Google App Engine - Intermittent 502 / connection reset by peer-CodePudding

Running a nodejs server on Google App Engine (GAE) flex instance I have clients getting intermittent 502 errors from my app. The requests never hit my node service but they seem to coincide with nginx logs relating to a connection reset by peer:

[error] 34#34: *25817 recv() failed (104: Connection reset by peer) while reading response header from upstream, client: 1.2.3.4, server: , request: "POST /endpoint HTTP/1.1", upstream: "http://172.17.0.1:8080/endpoint"
[error] 34#34: *27919 recv() failed (104: Connection reset by peer) while reading response header from upstream, client: 1.2.3.4, server: , request: "POST /endpoint HTTP/1.1", upstream: "http://172.17.0.1:8080/endpoint"
[error] 34#34: *28746 recv() failed (104: Connection reset by peer) while reading response header from upstream, client: 1.2.3.4, server: , request: "POST /endpoint HTTP/1.1", upstream: "http://172.17.0.1:8080/endpoint"
[error] 34#34: *28747 recv() failed (104: Connection reset by peer) while reading response header from upstream, client: 1.2.3.4, server: , request: "POST /endpoint HTTP/1.1", upstream: "http://172.17.0.1:8080/endpoint"
[error] 34#34: *24022 recv() failed (104: Connection reset by peer) while reading response header from upstream, client: 1.2.3.4, server: , request: "POST /endpoint HTTP/1.1", upstream: "http://172.17.0.1:8080/endpoint"
[error] 34#34: *29214 recv() failed (104: Connection reset by peer) while reading response header from upstream, client: 1.2.3.4, server: , request: "POST /endpoint HTTP/1.1", upstream: "http://172.17.0.1:8080/endpoint"

What could be causing this behavior? the CPU / Memory load is not nearing resource limits though it does seem to happen more frequently when the server is under some load.

CodePudding user response：

When deploying to Google App Engine a load balancer is placed in front of the instances.

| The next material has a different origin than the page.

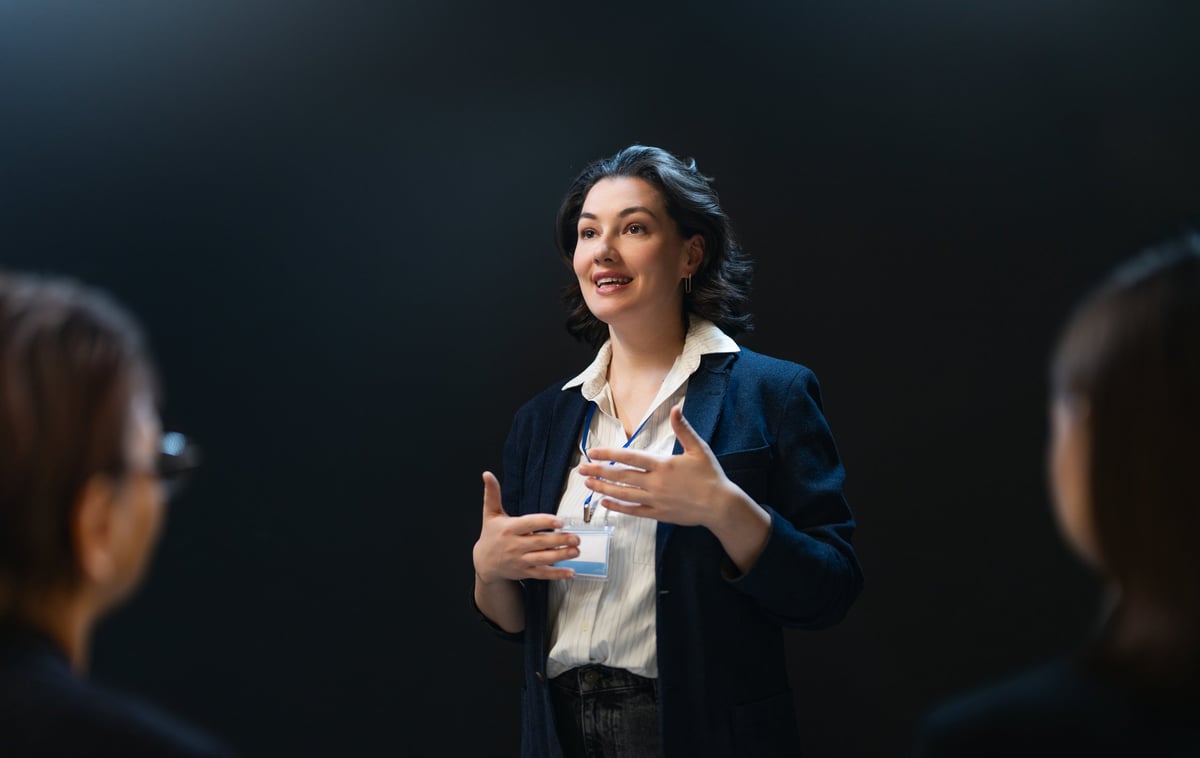 Inspirational and professional stock photo of a confident businesswoman giving a presentation to an audience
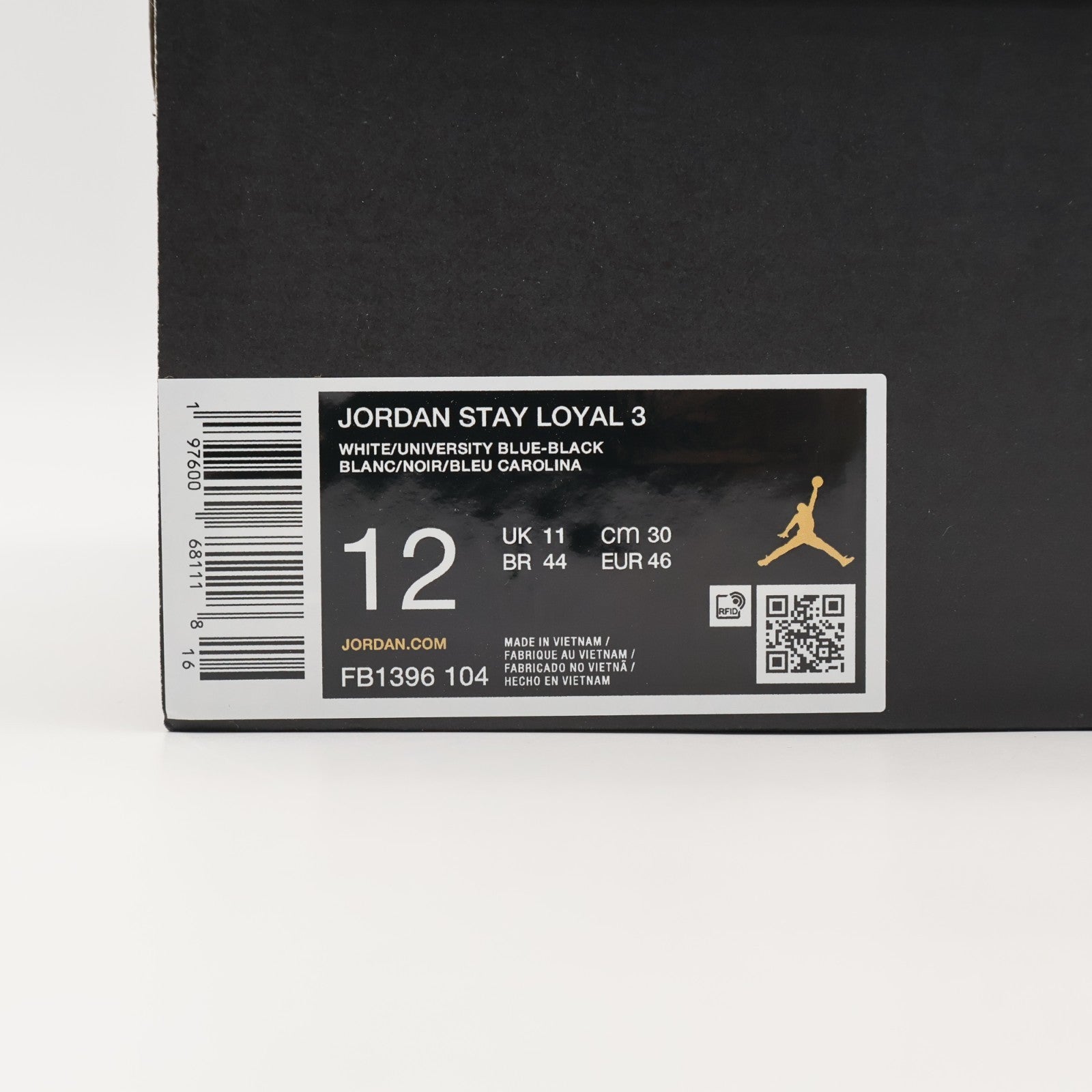 FB1396-104 Nike Jordan Stay Loyal 3 White Black University Blue (Men's)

This load balancer has a HTTP keep alive setting of 600 seconds.

The load balancer then connects to an nginx service on the instance which uses a keep alive of 650 seconds, it even has a helpful comment in the config saying it needs to be higher to prevent a race condition.

# GCLB uses a 10 minutes keep-alive timeout. Setting it to a bit more here
# to avoid a race condition between the two timeouts.
keepalive_timeout 650;

Finally nginx reverse proxies to your node app which uses a default keep alive of... 5 seconds

This causes a race condition between the timeouts (duh) and you need to set the timeout of your node server to be higher than 650 seconds. If you are using expressjs that looks like this:

const app = express();
const server = app.listen(process.env.PORT);

//nginx uses a 650 second keep-alive timeout on GAE. Setting it to a bit more here to avoid a race condition between the two timeouts.
server.keepAliveTimeout = 700000; 

//ensure the headersTimeout is set higher than the keepAliveTimeout due to this nodejs regression bug: https://github.com/nodejs/node/issues/27363
server.headersTimeout = 701000;

You can check out Analyze ‘Connection reset’ error in Nginx upstream with keep-alive enabled for a technical (TCP level) explanation of why the upstream servers need larger timeouts.